/minaa

MiNAA aligns a pair of networks based their topologies and biologies.

Primary LanguageC++MIT LicenseMIT

MiNAA: Microbiome Network Alignment Algorithm

GitHub Releases GitHub license GitHub Issues  status

Description

MiNAA takes as input a pair of node-edge networks, and finds a correspondance between them such that each node in one is mapped to its most similar node in the other. MiNAA is capable of using both topological (structural) information about the network, and biological information about the taxa each node represents, in order to produce a good approximation of the optimal alignment. Due to the complexity of this task, an approximation is the best that can be done in an efficient runtime. Network alignment in this setting is done primarily for comparative purposes. For example, an alignment might map clusters of taxa to each other, revealing conserved or analogous functions between microbial communities. See our software note for additional details.

Requirements

This program requires C++20 or higher, and g++.

Compilation

Unix

make

Windows

mkdir obj
make

In addition to C++20 and g++, Windows requires a special means to run the provided makefile. The MinGW Package Manager provides a lightweight make function. It is recommended to download MinGW here, and follow this guide for installation, however any method for compiling C++ using g++ should suffice.

Usage

This utility has the form ./minaa.exe <G> <H> [-B=bio] [-a=alpha] [-b=beta].

Required Arguments (ordered)

  1. G; a network to align.
  2. H; a network to align.
  • Require:
    • The networks are represented by adjacency matrices in CSV format, with labels in both the first column and row.
    • The CSV delimiter must be one of {comma, semicolon, space, tab}, and will be detected automatically.
    • |G| is lesser or equal to |H|.
  • Notes:
    • Any nonzero entry is considered an edge.

Optional Arguments (unordered)

Common

  • -B=: the path to the biological cost matrix file.
    • Require: a CSV adjacency matrix where the first column consists of the labels of G, in order, and first row consists of the labels of H, in order.
    • Default: the algorithm will run using only topological calculations.
    • Notes:
      • The input matrix is normalized by MiNAA such that all entries are in range [0, 1].
      • The input is assumed to be a cost matrix.
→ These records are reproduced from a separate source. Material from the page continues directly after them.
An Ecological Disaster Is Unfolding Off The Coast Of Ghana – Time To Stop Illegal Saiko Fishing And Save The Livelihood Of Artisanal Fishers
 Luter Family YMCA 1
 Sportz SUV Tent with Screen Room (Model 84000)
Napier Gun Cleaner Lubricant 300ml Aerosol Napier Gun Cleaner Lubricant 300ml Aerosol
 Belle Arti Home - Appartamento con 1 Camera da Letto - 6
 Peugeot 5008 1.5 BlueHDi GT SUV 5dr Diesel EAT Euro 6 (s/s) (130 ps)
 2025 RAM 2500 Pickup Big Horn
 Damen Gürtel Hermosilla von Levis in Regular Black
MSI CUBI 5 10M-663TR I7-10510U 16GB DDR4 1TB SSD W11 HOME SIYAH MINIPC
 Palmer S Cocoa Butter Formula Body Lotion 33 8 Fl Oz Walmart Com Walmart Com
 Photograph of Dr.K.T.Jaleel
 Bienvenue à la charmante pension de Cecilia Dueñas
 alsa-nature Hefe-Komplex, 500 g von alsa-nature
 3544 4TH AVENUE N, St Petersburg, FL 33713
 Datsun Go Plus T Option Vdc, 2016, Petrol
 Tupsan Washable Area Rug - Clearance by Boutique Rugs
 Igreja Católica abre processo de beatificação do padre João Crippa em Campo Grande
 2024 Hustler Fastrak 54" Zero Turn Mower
If it is a similarity matrix, use the -s option detailed below.
  • -a=: alpha; the GDV-edge weight balancer.
    • Require: a real number in range [0, 1].
    • Default: 1 (100% GDV data).
  • -b=: beta; the topological-biological cost matrix balancer.
    • Require: a real number in range [0, 1].
    • Default: 1 (100% topological data).
  • -st=: similarity threshold; The similarity value above which aligned pairs are included in the output.
    • Require: a real number in range [0, 1].
    • Default: 0.
  • -c: conserved subgraphs; whether or not to output a list of the conserved subgraphs in the alignment between G and H.
    • Require: none.
    • Default: this list is not calculated or returned.
    • Note: We define a conserved subgraph as a connected subgraph of G whose nodes are aligned to a connected subgraph of H. See the Examples section for a visual.

Uncommon

  • -Galias=: an alias for the G file.
    • Require: a valid file name.
    • Default: the G file keeps its original name.
  • -Halias=: an alias for the H file.
    • Require: a valid file name.
    • Default: the H file keeps its original name.
  • -Balias=: an alias for the B file.
    • Require: a valid file name.
    • Default: the B file keeps its original name.
  • -p: passthrough; whether or not to write the input files into the output folder.
    • Require: none.
    • Default: the files are not passed through to the output folder.
    • Note: the output reflects the input data after having been processed by the algorithm, this is not a direct copy and paste.
  • -t: timestamp; the output folder's name includes the date and time of execution.
    • Require: none.
    • Default: the output folder's name does not include date and time.
  • -g: greekstamp; the output folder's name includes the values for alpha and beta.
    • Require: none.
    • Default: the output folder's name does not include the values for alpha and beta.
  • -s: similarity conversion; for each entry in the given biological matrix, the value (post normalization) is replaced with 1 - value.
    • Require: none.
    • Default: the given biological matrix is left as is.
    • Note: use this if and only if the provided biological matrix is a similarity matrix.

Outputs

  • G-H/: (where G, H are the input networks) The folder containing the output files specified below.
  • log.txt: record of the important details from the alignment.
  • G_gdvs.csv: (where G is the input network) the Graphlet Degree Vectors for network G.
  • H_gdvs.csv: (where H is the input network) the Graphlet Degree Vectors for network H.
  • top_costs.csv: the topological cost matrix.
  • bio_costs.csv: the biologocal cost matrix (as inputed). Not created unless biological input is given.
  • overall_costs.csv: the combination of the topological and biological cost matrix. Not created unless biological input is given.
  • alignment_list.csv: a complete list of all aligned nodes, with rows in the format g_node,h_node,similarity, descending acording to similarity. The first row in this list is the total cost of the alignment, or the sum of (1 - similarity) for all aligned pairs.
  • alignment_matrix.csv: a matrix form of the same alignment, where the first column and row are the labels from the two input networks, respectively.

Examples

On the left are adjacency matrices for simple networks G and H, and an imagined alignment matrix as returned by MiNAA. On the right is a visual depiction of G overlaying H, and the connected purple graph is what we call a conserved subgraph in the alignment of G and H. We color a node purple if that node in G is aligned to a node in H, and we color an edge purple if a pair of adjacent nodes in G are also adjacent in the nodes they're aligned to in H. Note that the blue edge, red edge, and red node e are not considered part of this conserved subgraph.

Example Execution

Examples of MiNAA's usage with real data and in-depth explanations can be found in the examples/ directory.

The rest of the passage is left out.